CIA Tradecraft Red Team

Why it matters

An artifact reviewed only by people who share its assumptions has not really been reviewed. The way to find what’s wrong with a plan before reality does is to assign someone to attack it — sanctioned, in good faith, and bound by a discipline that separates real red-teaming from mere cynicism: attack what the thing actually says, model the actual adversary, and report honestly when an attack finds nothing.

For example: a company is days from launching a product everyone internally loves. The deck is polished, the room nods along, and no one has been tasked to take it apart — so the first person who does is a journalist, a competitor, or a regulator, who finds in ten minutes the obvious objection the team had grown blind to. A red team is that hostile reader hired early and on purpose: a person whose explicit job is to build the strongest case against the artifact while you can still do something about it.

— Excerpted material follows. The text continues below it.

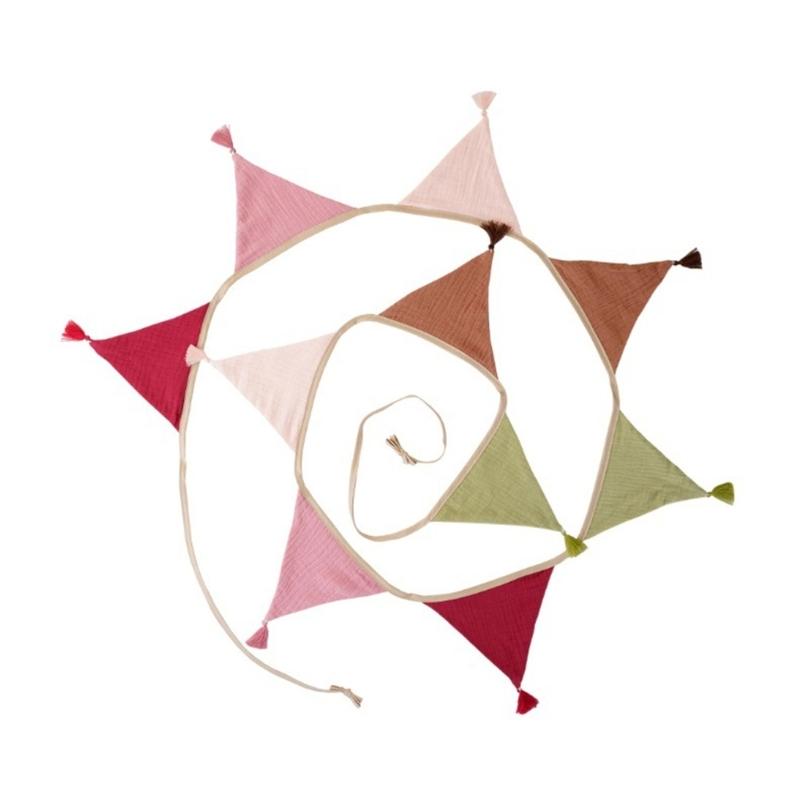 Festoni Bandierine in Cotone Crepe Colori Caramella Luminosi Per Asilo Nido Compleanni di Bambini Feste Eventi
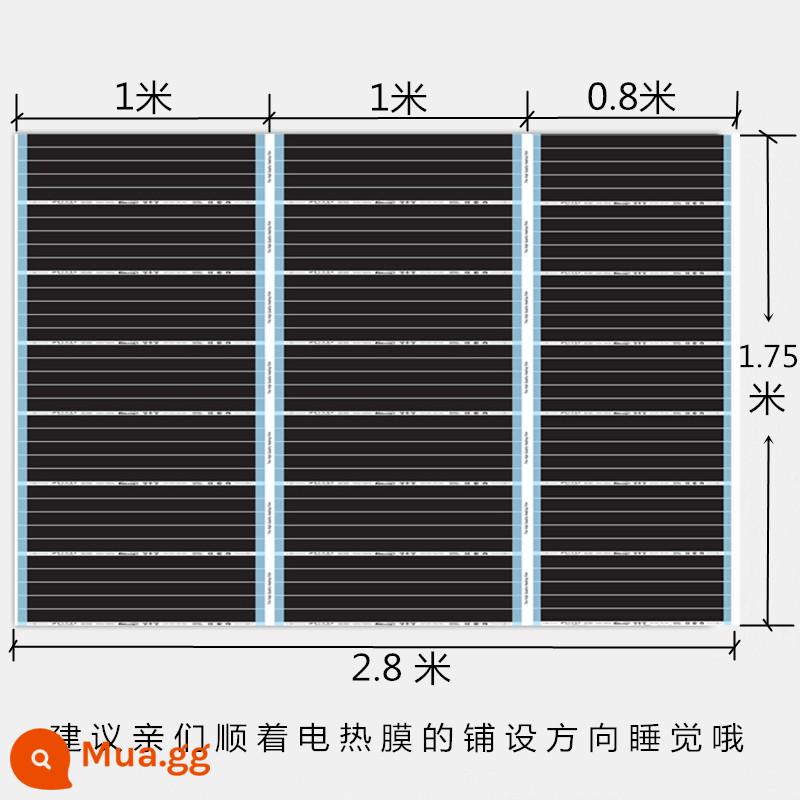 Hàn Quốc Graphene điện sưởi ấm phim điện sưởi ấm sàn sưởi ấm sàn tập yoga sưởi ấm tấm tùy chỉnh miễn phí vận chuyển - 2,8 mét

  • What it reveals. The strongest attacks a committed adversary would actually mount against a specific artifact — grounded in what it really says, modeled on who would really oppose it, and honest about where it is genuinely robust.
  • How it changes the read. You stop asking “is this good?” (which a room of insiders always answers yes) and start asking “if someone were paid to destroy this, exactly how would they do it — and would it work?”
  • When to foreground it. A high-stakes artifact about to be committed and never adversarially tested; convergent agreement no one has challenged; preparing for hostile review or debate; the cost of being wrong exceeding the discomfort of structured disagreement.
  • What you’d miss without it. That an internal review shares the artifact’s blind spots by construction — and that the attacks which will actually land come from an adversary who does not share your frame, which generic “what could go wrong” brainstorming never surfaces.
  • Where it misleads. Performed hostility is as dishonest as performed praise — an attack on a distorted version (a straw target), or on a claim the artifact never made (fabrication), collapses the instant a prepared audience checks; and red-teaming by people who quietly share the artifact’s assumptions (mirror-imaging) just launders groupthink.

How to invoke it in Ora

You have a specific artifact — a plan, proposal, strategy, paper — and you need the strongest case against it: ammunition for a debate, preparation for a hostile review, or a brief to talk someone out of a course of action.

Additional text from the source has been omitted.